One of the articles in my feed, recently, was titled “Age-Appropriate Dressing: How French First Lady Brigitte Macron, 66, Breaks the Rules. I won’t link to the article (in Zoomer Magazine), because it’s full of tired clichés. It compares the style of First Lady Brigitte Macron, 66, to Queen Mathilde, 46. It talks about the way First Lady Macron manages to look stylish and younger (imagine that with all of the resources at her disposal!) by “breaking the age-related dressing rules” compared to Queen Mathilde who must adhere to more rules expected of her station. My main thought was, “Is age-appropriate dressing still a thing?” I hope not.
I have heard all about the rules growing up:
- women shouldn’t wear a mini skirt over the age of 35(at 47, 35 sounds so young for any such thought!)
- for goodness sake, cut your hair short after 40
- don’t be too trendy
- don’t get a tattoo that you will regret when you get older (I am fairly certain that if I regret anything when I am older, it will have nothing to do with my tattoos!)
However, in 2020, aren’t we past such restrictive thoughts and opinions? What do these rules say anyway? Don’t embarrass yourself, don’t wear things that don’t “flatter” you, don’t wear something that shows too much, or too little skin, wear what society tells you is appropriate for your size. All to which I say, everyone should just mind their own business.
I admit, decades ago, I watched the likes of Stacey London tell women (men too, but mostly women from what I remember) “What Not to Wear”. Part of her schtick was “tough love” and “she wanted them to bring out their best selves.” A lot of her rules had to do with age. She even had a thing about the appropriate amount of metallic for your age.
I have known many women who have flouted these types of rules. Perhaps, that’s why I tend not to take them too seriously. But I wish I wasn’t the only one. I have nothing against a person feeling better about themselves. Feeling comfortable in their clothes, as though they are portraying the image they wish to portray. But it shouldn’t be based on your age, anymore than it should be about your size, gender or any other outwardly imposed factor.
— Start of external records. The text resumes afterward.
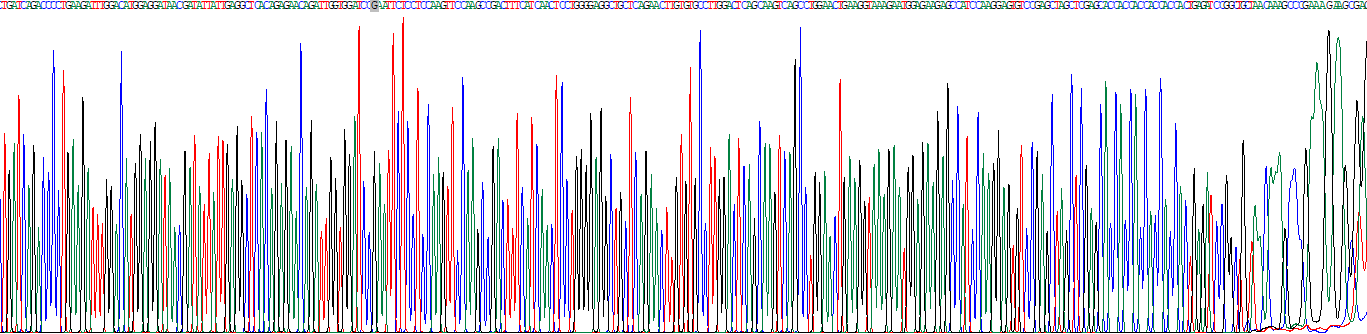Recombinant Free Fatty Acid Receptor 3 (FFAR3)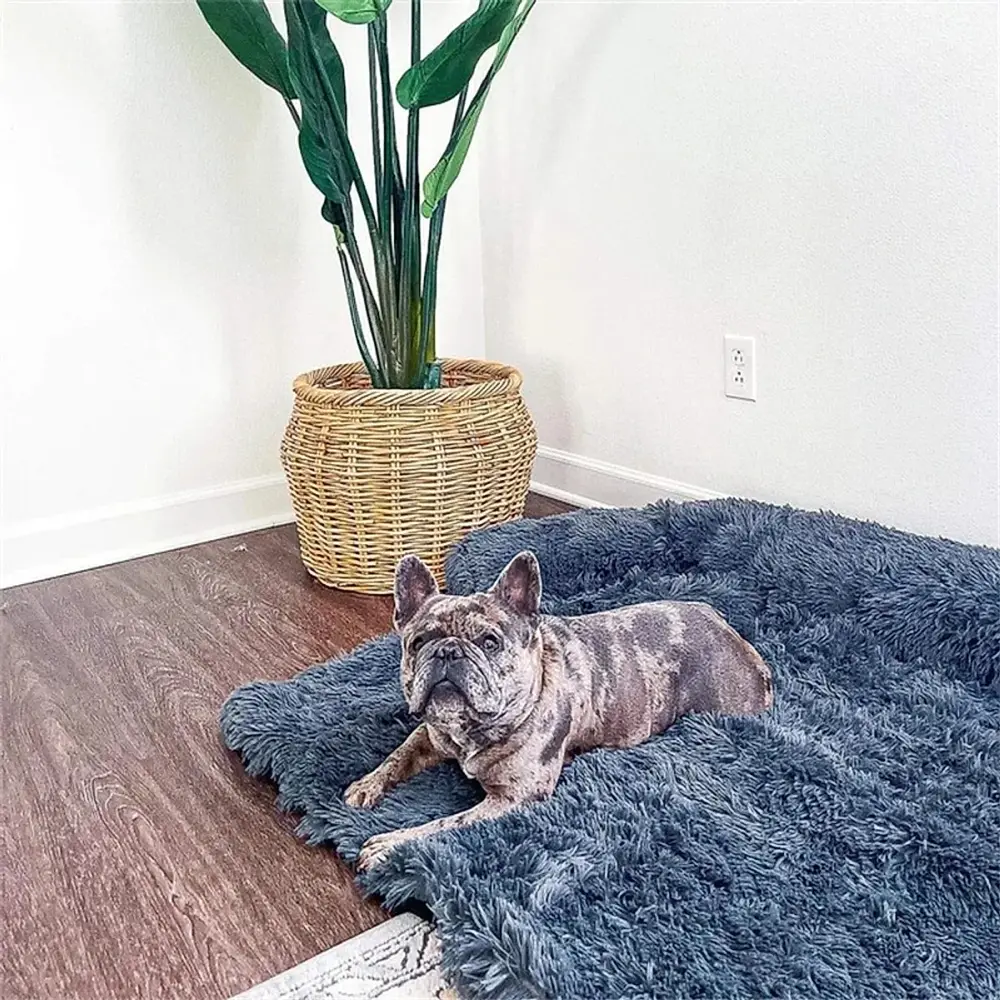 Dog Bed - Image 5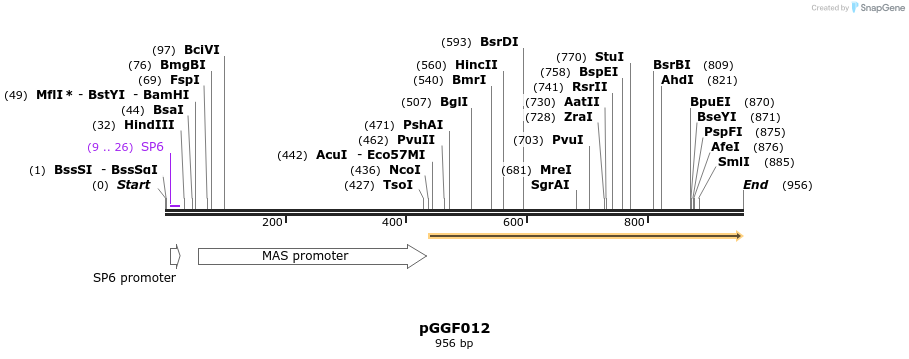 72458_map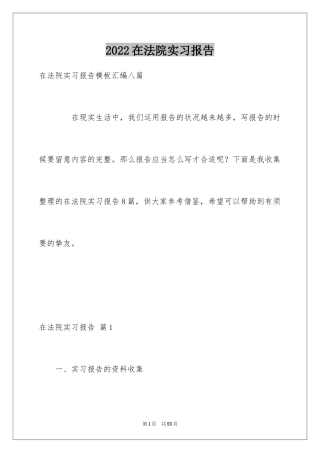 2024在法院实习报告_29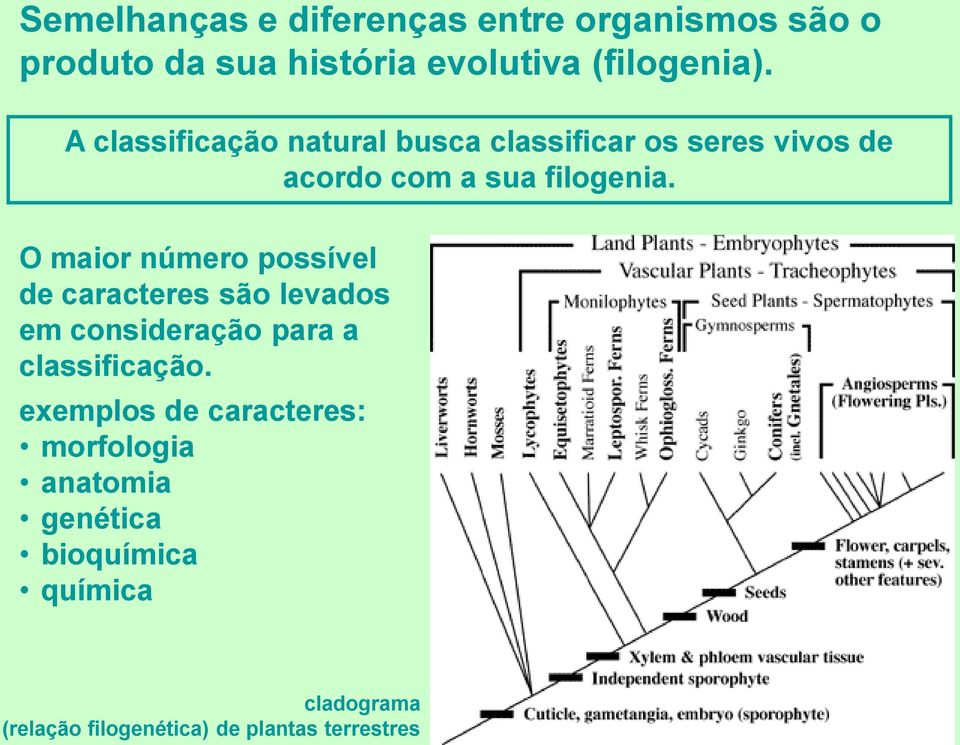 O maior número possível de caracteres são levados em consideração para a classificação.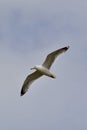 Gull flying overhead at Rissers Beach Royalty Free Stock Photo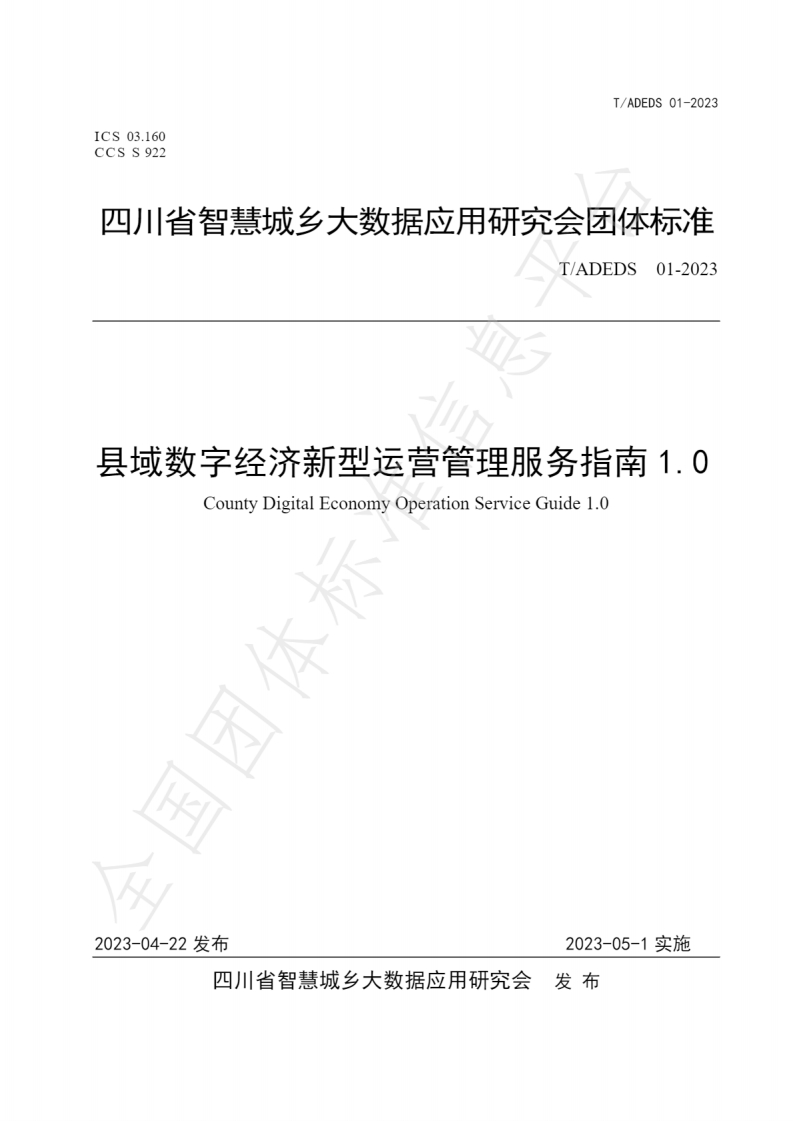 县域数字经济新型运营管理服务指南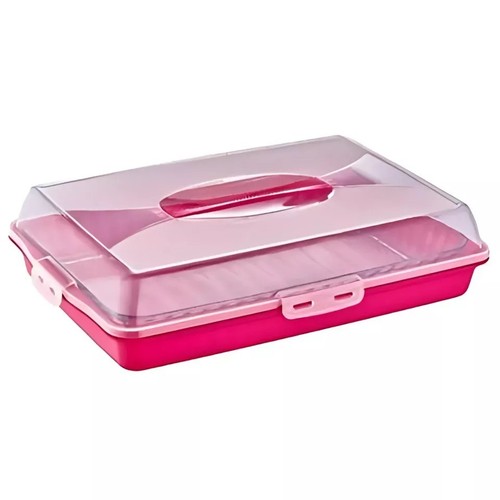 Plastic cake brownie tray - cake,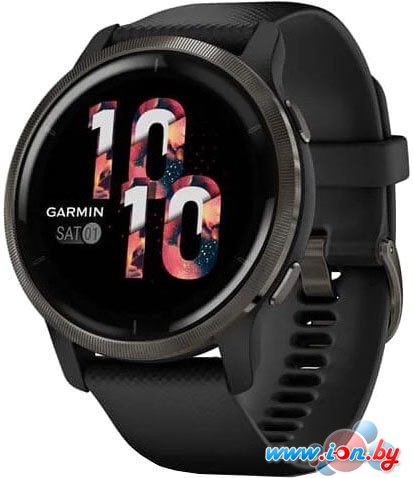 Умные часы Garmin Venu 2 (сланцевая нержавеющая сталь/черный) в Гродно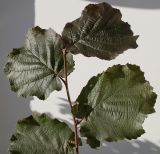 Corylus avellana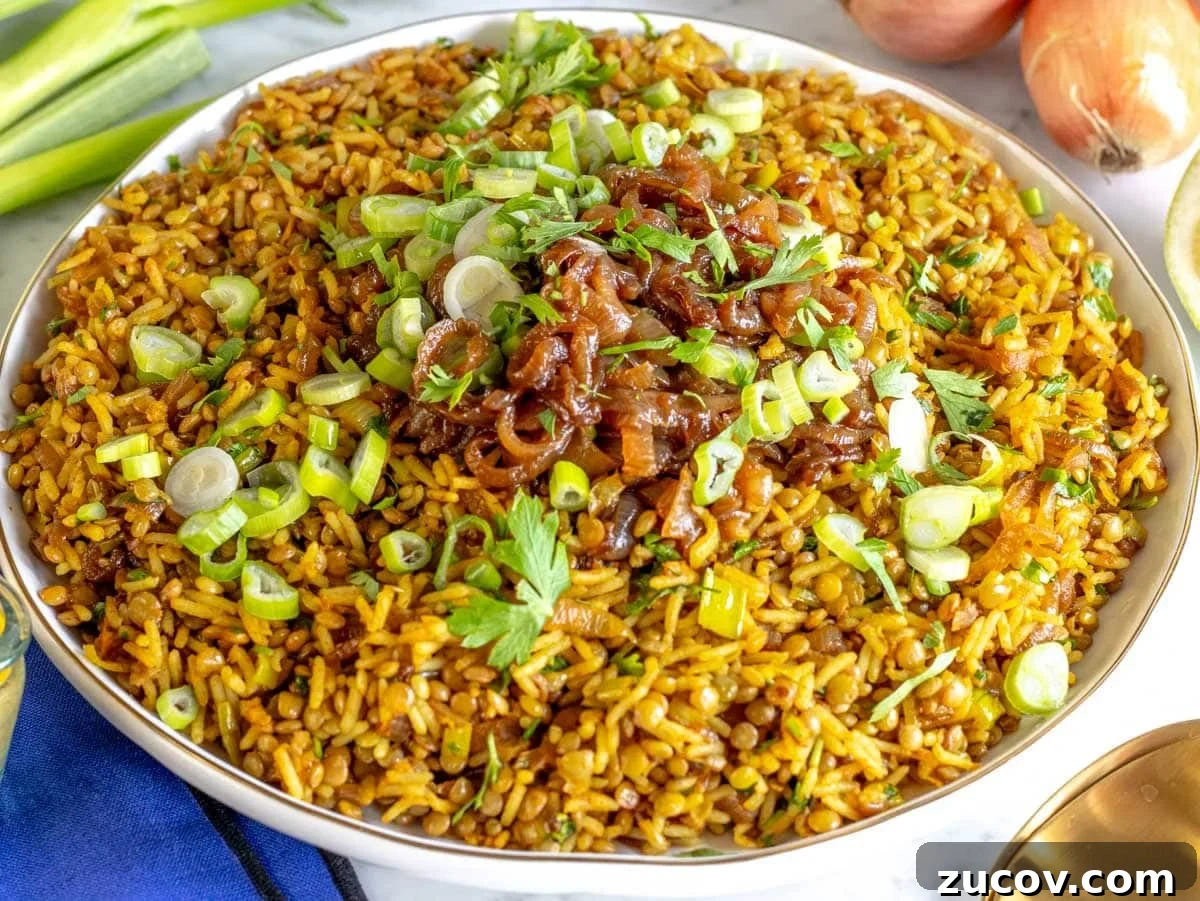 25 Affordable Recipes That Taste Gourmet on a Budget 5 Middle Eastern mujadara.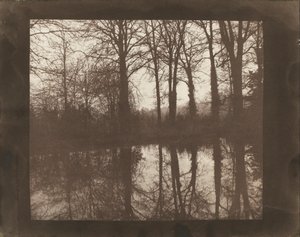 Arbres et reflets - William Henry Fox Talbot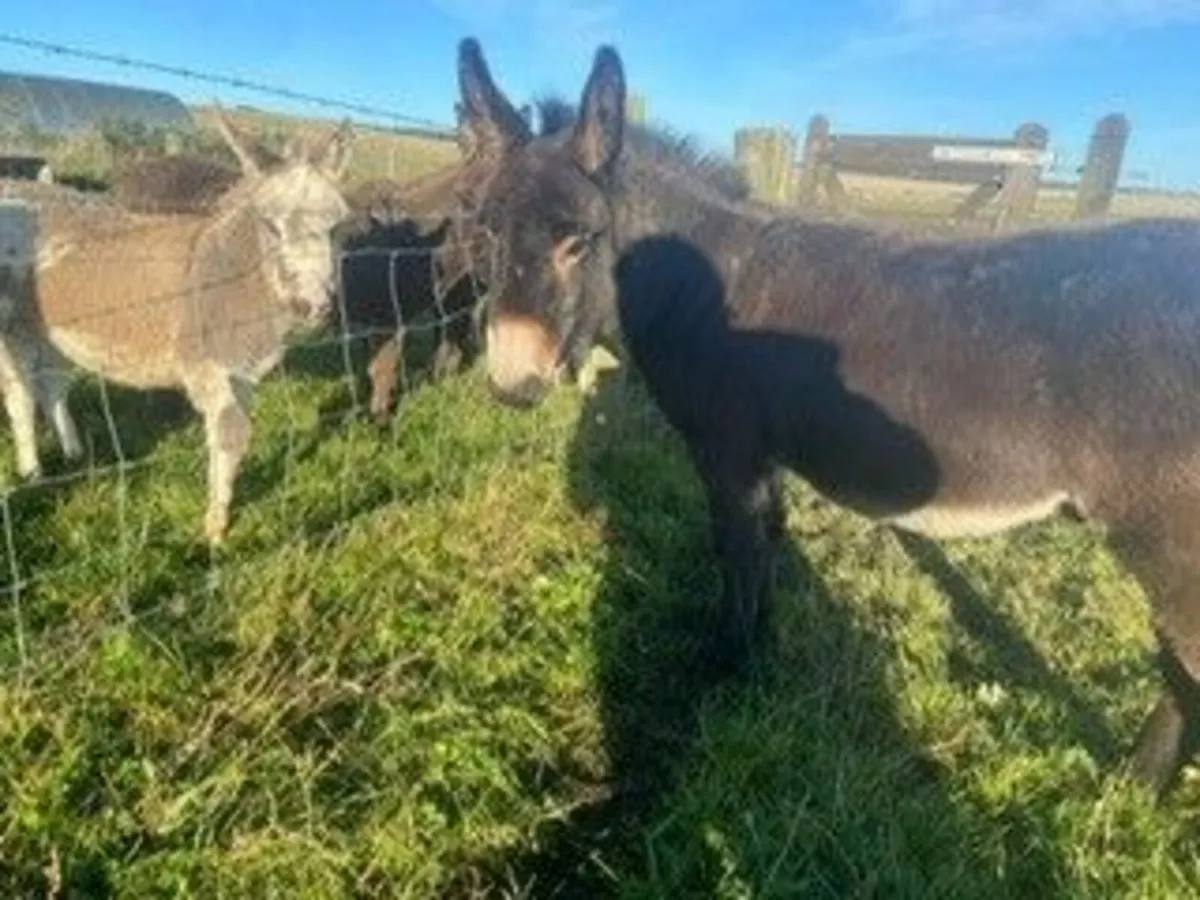 Donkey - Image 2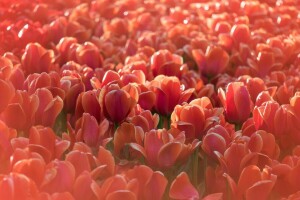 những bông hoa, Thiên nhiên, Hoa tulip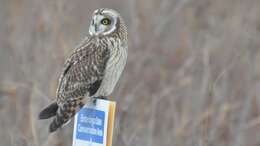 Image of Short-eared Owl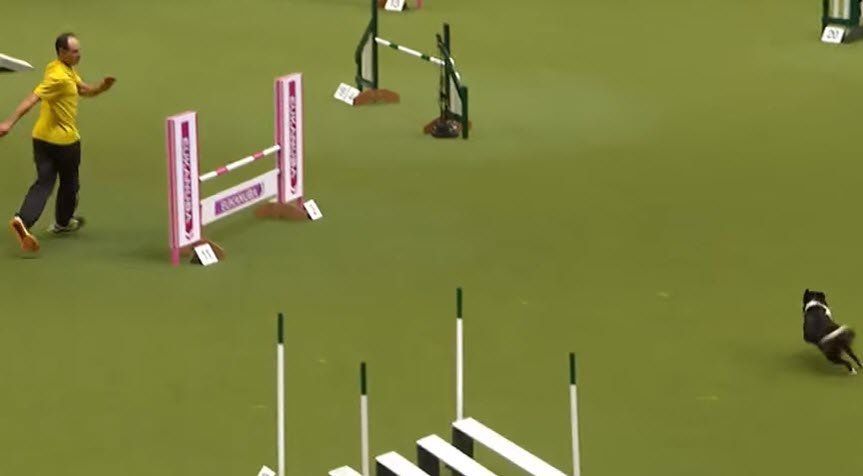 Dog Agility Front Cross Dog Agility Front Cross
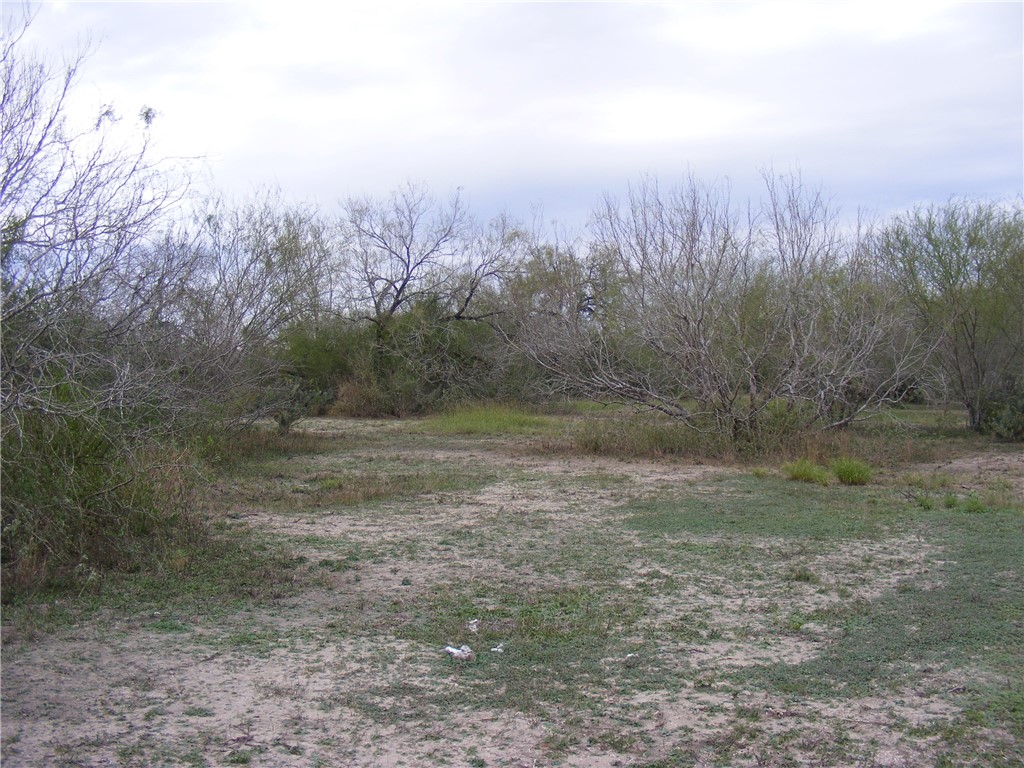 10722 County Road 249 Mathis, TX 78368 - Photo 6 of 13 a view of a forest with trees in the background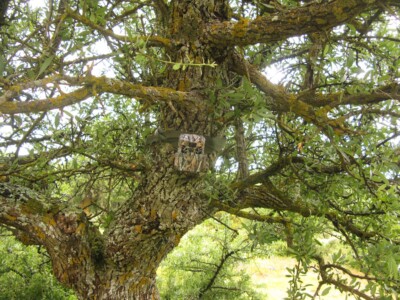 camouflaged camera in a tree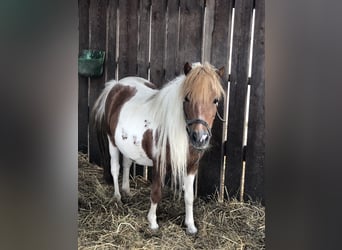 Cavallo in miniatura americano, Giumenta, 17 Anni, 85 cm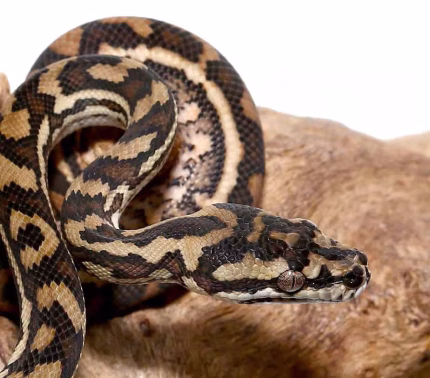 Baby Coastal Carpet Python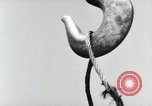 Image of German construction Wiesbaden Germany, 1954, second 38 stock footage video 65675031778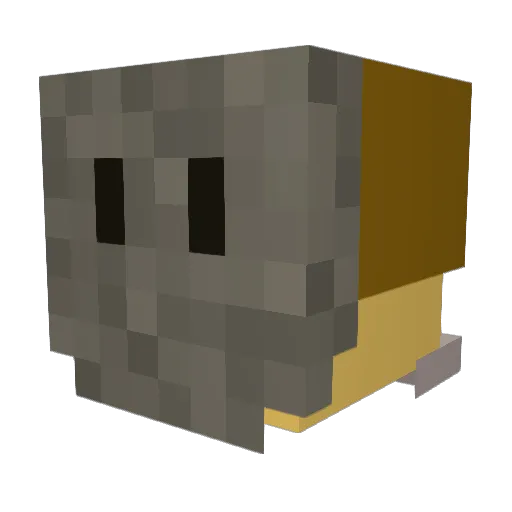 Mason4528 Minecraft avatar head, 3D render
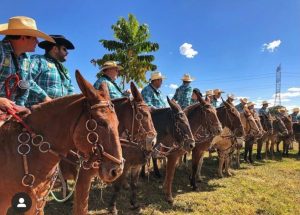 Tradicional Encontro de Muladeiros de Iporá (GO) começa hoje (24/01)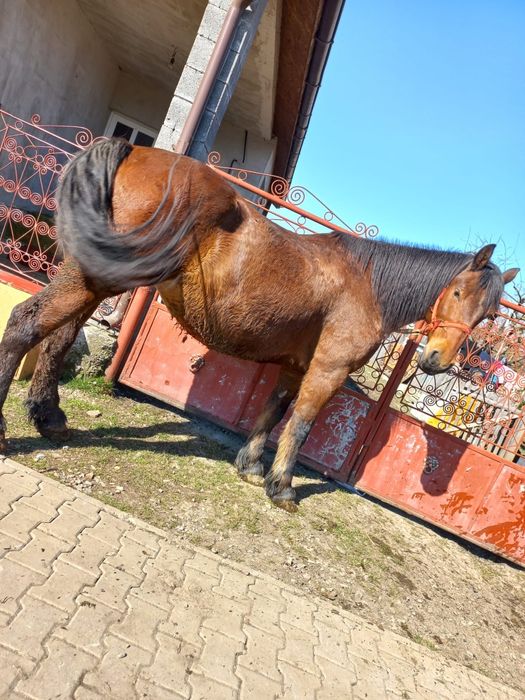 Vând iapa bună de ham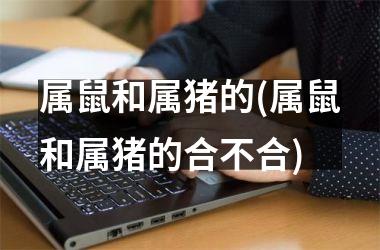 属鼠和属猪的(属鼠和属猪的合不合)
Other than the realities of our mortality, can we all agree that age is just a number? How someone feels at any given age, is personal. How they wish to express that age, is personal. Similarly a body is perfect at any size for any fashion that feels right for the wearer.
I still hear people, sometimes friends, critique others for what they are wearing. “What was she thinking”, wearing something that short, low-cut, baggy, unflattering, etc. I find myself taken aback that they are concerned with what others choose to wear. Why would anyone care what someone else is wearing? Does it come from a place of the critic’s own insecurities, rather than a real concern for the choices of others?
I prefer to support people expressing themselves however they wish. How someone adorns their body doesn’t impress or offend me. What comes out of their mouth, their thoughts and feelings on life, how they treat people, that is where I prefer to direct my internal critic.
This topic, of course, got me thinking about “age-appropriate” dressing for working out.
Should there be rules when it comes to gym clothes? Running clothes? Again, no. I love working out at a gym where women of all ages workout. I love that women at this gym feel free to wear whatever makes them feel good, while exercising. Some wear baggy t-shirts or layers of sweatshirts (I sweat, just looking at them). Some wear a sports bra and shorts. Some women workout in a hijab. And what they wear is not related to their age.
There are practical considerations about what to wear while exercising. What will wick sweat away from my body, so I don’t get a rash, how hot am I going to get, and therefore, how many layers can I remove if necessary. I admit, I don’t feel totally comfortable working out in a sports bra, but that’s on me and my own insecurities. I usually have a tank top and leggings on (or tank top and shorts if running outside in summer). But what anyone else thinks of my outfit at the gym or anywhere else, should be irrelevant. I would suggest that if anyone works out at a gym that has silly rules (such as women cannot workout in their sports bra, if they choose – and in peace), then they should find another gym.
I am inspired by people being themselves. And that includes how they choose to dress. In their teens, in their 80s, and every age in between. How do you feel readers? Do you think age-appropriate dressing should still be a thing?